Speaking for Opco, they are at ground zero of the muni market lock up. They own large positions of spread market bonds - non rated paper- dirt bonds- inverse floaters- tobacco bonds and host of other paper that has been hit hard by the market freeze. The further one moves from 3 months and triple A rated the larger the market discount. It’s been ugly for long term holders of this fund and its sister OPTAX fund.

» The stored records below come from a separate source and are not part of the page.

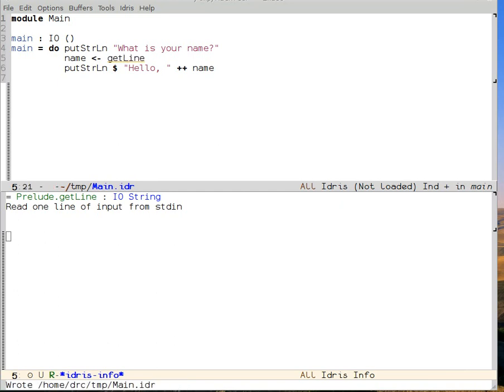I change the function in the buffer. And tell it to load again with Ctrl-C, Ctrl-L. And we see that it now type checks.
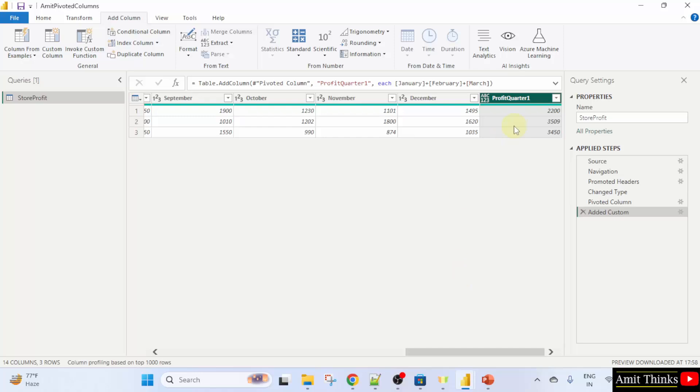Now, you have your new custom column here in which only the profit of quarter one is visible. In this way, you can also add profits for other quarters.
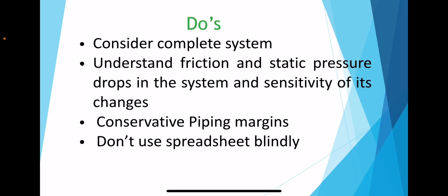So what are the do's for pump calculation? The calculation should consider the entire system, which means do not stop at the battery limit pressures. The friction and static pressure drops in the system and the sensitivity of its changes need to be understood.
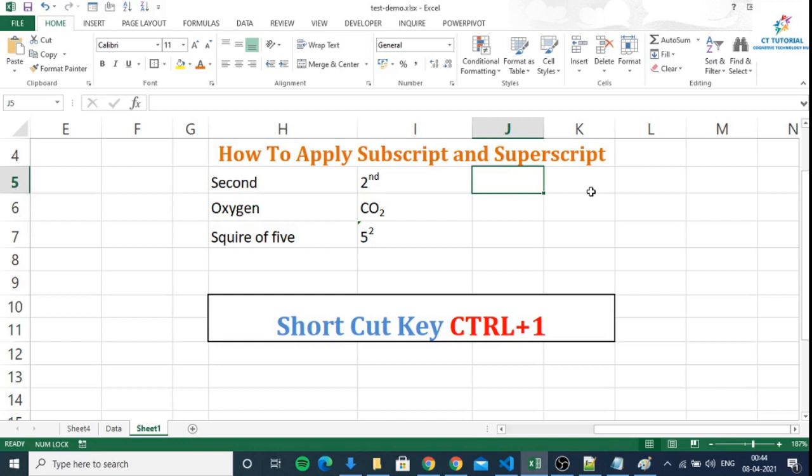If somebody is asking you to write an equation or text in that way in Excel, how will you write it? It's very easy to write this type of text by applying subscript and superscript. I will show you.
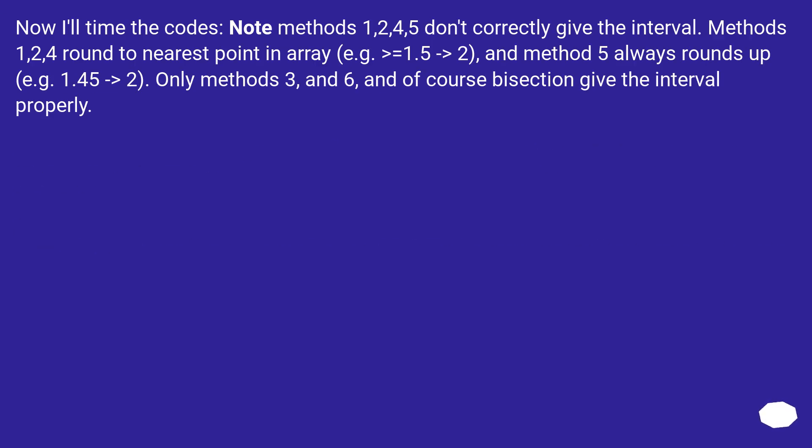Now I will time the codes. Note methods 1, 2, 4, 5 don't correctly give the interval. For example, methods 1, 2, 4 round to nearest point in array. For example, equals 1.5: 2. And method 5 always rounds up. For example 1.45: 2.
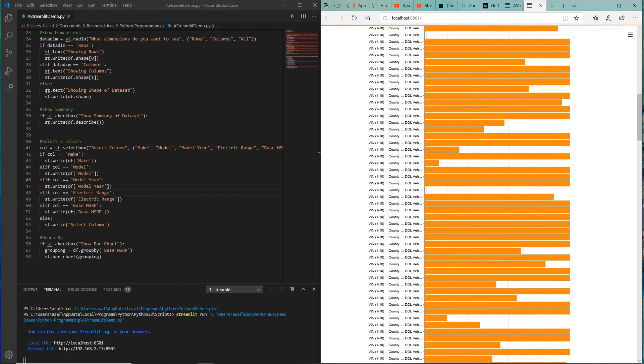So these are all the different prices for this vehicle. So this is a quick introduction, quick overview of how you can use the Streamlit library, and you can agree with me, this is very, very powerful library and the possibilities are endless. Thank you very much for watching. Please do subscribe.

  However, as I've written before the muni market is upside down. Tax free money markets carry higher yields than long term bonds, top tier issuers like Harvard University are seeing their paper trade a ridiculous level. So, if issuers like Harvard are trading at de minimis levels, what chance does a non rated Gloucester County NJ IDA bond for a landfill have at trading anywhere near par, regardless of coupon? That would be none.   Tuesday, the funds were rocked by Blackrock's selling a 250 million dollar block of tobacco bonds. As those bonds hit the street the flood gates opened with other tobacco holders selling an additional 100 million dollars of bonds in an effort to get out ahead of Blackrock. Unofficial word is Blackrock was forced (by mother merrill?) to raise cash. The sale hammered tobacco bond prices thus hammering the funds that own them. Yet, nothing has changed in tobaco bond land. The coupons payments keep on coming. Those bonds are a steal today!   The good news for Opco holders is that up til the end of september the inflows were positive 1.2 billion ytd. The Rochester funds funds, unlike most muni funds, are widely diversified with well over 1000 issues per fund. As of the last report, two weeks ago, there was still positive pressure on the fund's dividend. More good news for shareholders is that Opco's management is committed to their style and won't change styles to acheive better short term performance. Such a change, common at many funds,  would screw shareholders by significantly reducing the dividend and stiffling along term recovery.   As it stands the performance of ORNAX and OPTAX is liquidity based, not credit based. In fact, the non accrual rate for ORNAX is 1.5% today versus 4.5% three years ago when Morningstar carried them as a five star fund and Lipper annointed them number one bond fund status. Today they carry a yield roughly double what it was 3 years ago because of the "Muni market price dislocation" yet they have a higher quality portfolio than they did three years ago. As I said, the market is upside down.   The time to strike is when the opportunity presents itself. This fund is run by some of the best muni bond managers on the street. Invest as you will, but for select clients, call me a buyer.
Oct 31, 2008 7:01 am

High Yield muni's have historically been one of the least volitile asset classes.  When spreads widen to levels never seen before, I am ALWAYS a buyer.  This absolutely SCREAMS BUY! The process by which you make money off high yield muni's and corporates over the next few years is called "reversion to a mean".  Whenever something happens that is so uncharacteristically illogical, it's time to back the truck up and BUY!  It amazes me that many investment professionals are frozen by the same fear as their clients.